He quickly rolled his window up and drove through the gate before George decided he wanted to chat a little more.

Lights blazed from every single window of the grand pink stucco McMansion he had always secretly thought of as a big, gaudy wedding cake. There was no trace of his sister’s elegant good taste in the house. It was as if Lloyd had stamped out any trace of Frannie.

The interior of the house wasn’t any more welcoming. It was cold and formal, white on white with gold accents.

Ross knew of two rooms in the house with a little personality. Josh’s bedroom was a typical teenager’s room with posters on the wall and clutter and mementos covering every surface.

The other was Frannie’s small sitting room that hinted at the little sister he remembered. It was brightly decorated, with local handiworks, vivid textiles and many of Frannie’s own photographs on the wall.

Lloyd had a habit of changing the security system all the time so Ross didn’t even try to open the door. He rang the doorbell and a moment later, Julie Osterman opened the door, her soft, pretty features looking about as exhausted as Frannie’s had been.

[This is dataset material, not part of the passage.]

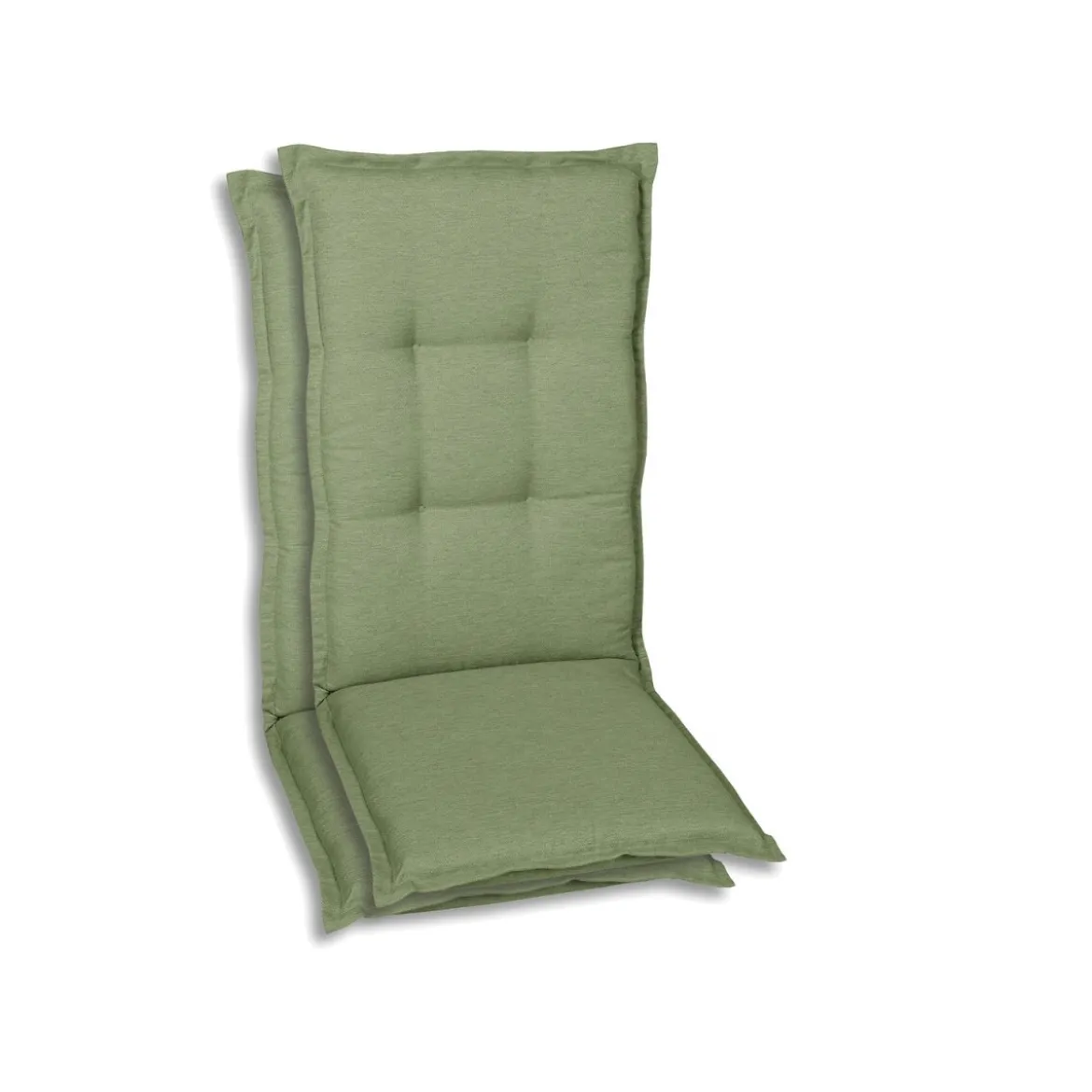 GO-DE Textil Gartenauflage / Kissen, wasserabweisend, pflegeleicht - B-Ware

“I’m sorry I’m so late,” he said. “I never expected things to take this long, that I would have to impose on you until the early hours of the morning.”

“No problem.” She held the door open for him and he moved past her into the formal foyer. “Josh tried to send me home and insisted he would be okay on his own, but I just didn’t feel right about leaving him here alone, under the circumstances.”

“I appreciate that.”

“He’s in the kitchen on the telephone to a friend.”

“At this hour? Is it Lyndsey?”

Josh’s young girlfriend had been a source of conflict between Josh and his parents, for reasons Ross didn’t quite understand.

“I think so, but I can’t be certain. I was trying not to eavesdrop.”

“How is he?”

She frowned a little as she appeared to give his question serious consideration. Despite his own fatigue, Ross couldn’t help noticing the way her mouth pursed a little when she was concentrating, and he had a wild urge to kiss away every line.

He definitely needed sleep if he was harboring inappropriate fantasies about a prickly busybody type like Julie Osterman.

“I can’t really tell, to be honest with you,” she answered. “I get the impression he’s more upset about his mother being detained at the police station than he seems to be about his father’s death. Or at least that appears to be where he’s focusing his emotions right now. On the other hand, his reaction could just be displacement.”

“Want to skip the mumbo jumbo?”

She made a face. “Sorry. I just meant maybe he’s not ready—or doesn’t want—to face the reality of his father’s death right now, so it’s easier to place his energy and emotion on his mother’s situation.”

“Or maybe he just happens to be more upset about Frannie than he is about Lloyd. The two of them didn’t exactly get along.”

“So I hear,” she answered. “It sounds as if few people did get along with Lloyd Fredericks, besides Crystal and her sort.”

“And there were plenty of those.”

Her mouth tightened but she refrained from commenting on his bitterness. Lloyd’s frequent affairs had been a great source of humiliation for Frannie. “How is your sister?” she asked instead.

“Holding up okay, under the circumstances.”

“Do you expect them to keep her overnight for questioning, then?”

He sighed, angry all over again at the most recent turn of events. “Not for questioning. For arraignment. She’s being charged.”

Her eyes widened with astonishment, then quickly filled with compassion. “Oh, poor Josh. This is going to be so hard on him.”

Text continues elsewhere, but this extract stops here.